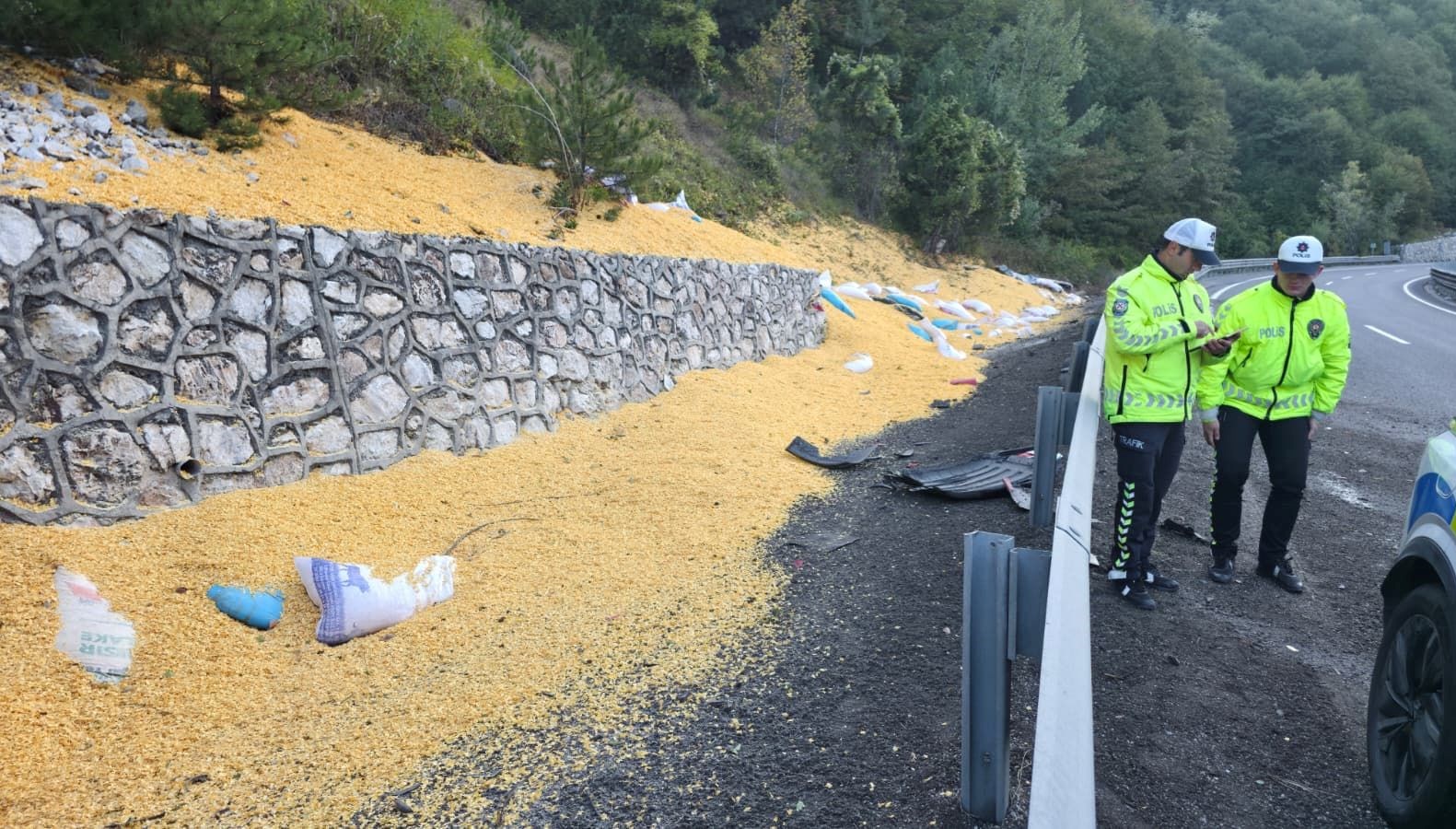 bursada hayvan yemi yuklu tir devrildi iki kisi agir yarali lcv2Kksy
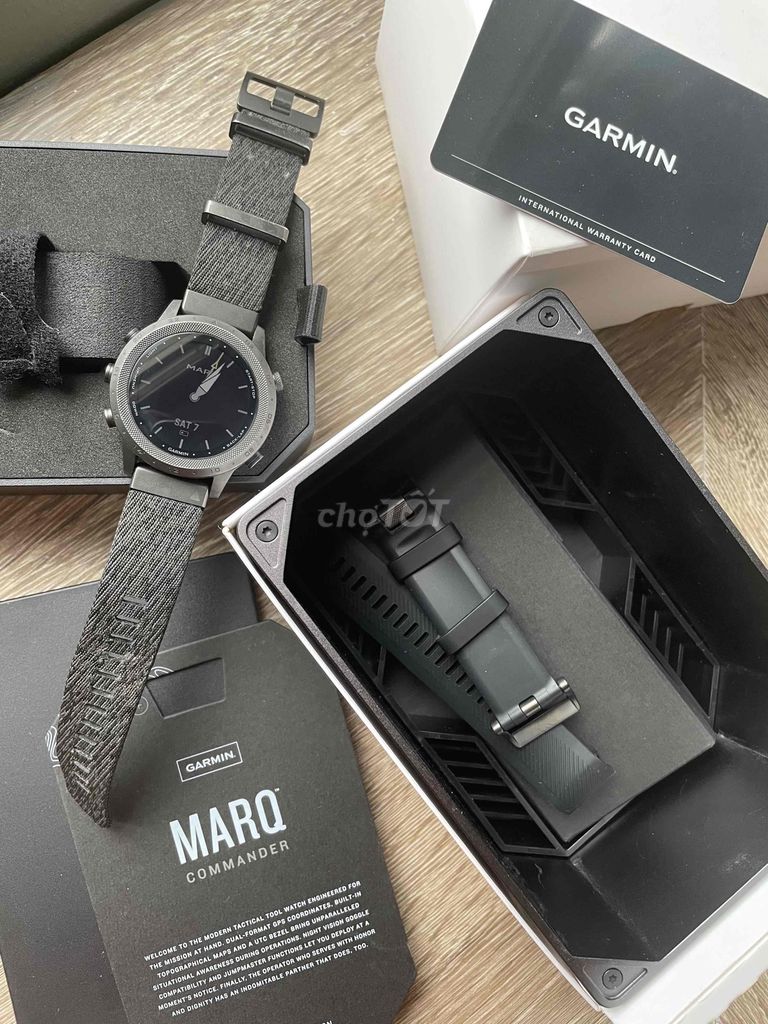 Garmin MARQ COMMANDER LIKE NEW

= = =

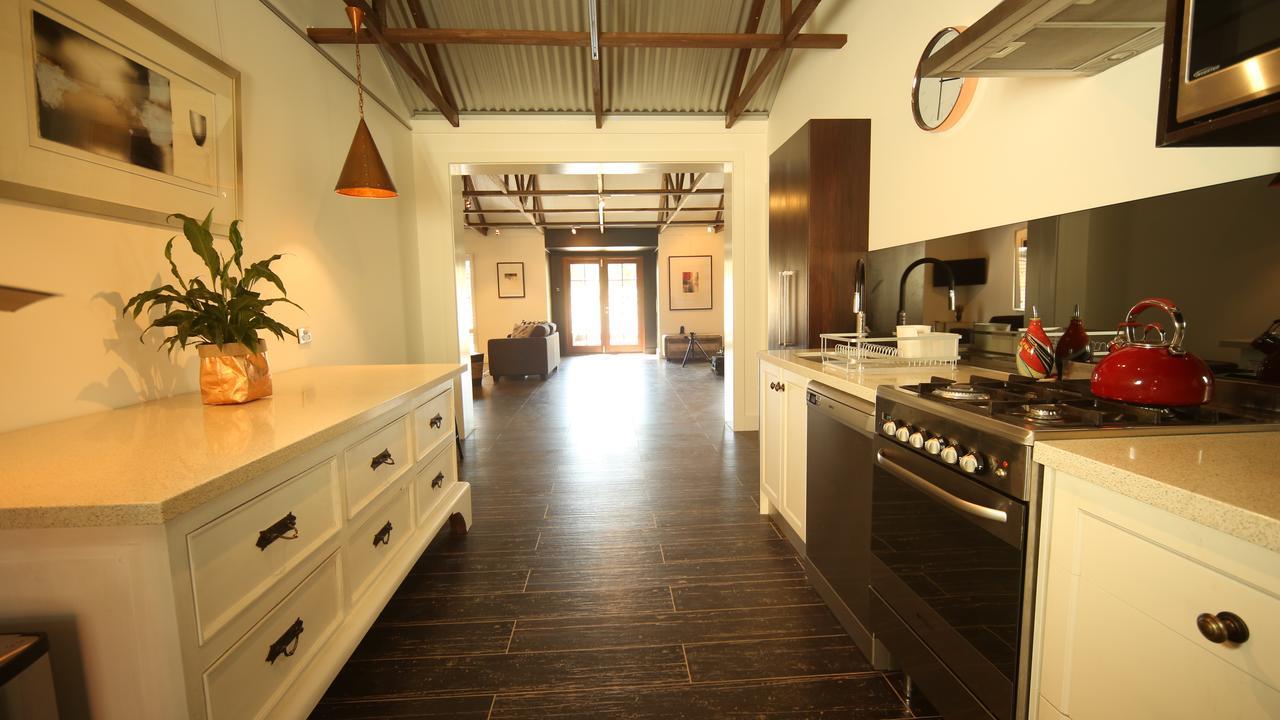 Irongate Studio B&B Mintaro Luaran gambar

= = =

◆ **TASK DESCRIPTION**
Copy the entries above exactly, but only the stretch from the line containing "bursada hayvan yemi" through the line containing "Garmin MARQ COMMANDER LIKE NEW". Keep both end lines; drop the pictures.

◆ **SOLUTION FOR THIS PROBLEM**
 bursada hayvan yemi yuklu tir devrildi iki kisi agir yarali lcv2Kksy
 Garmin MARQ COMMANDER LIKE NEW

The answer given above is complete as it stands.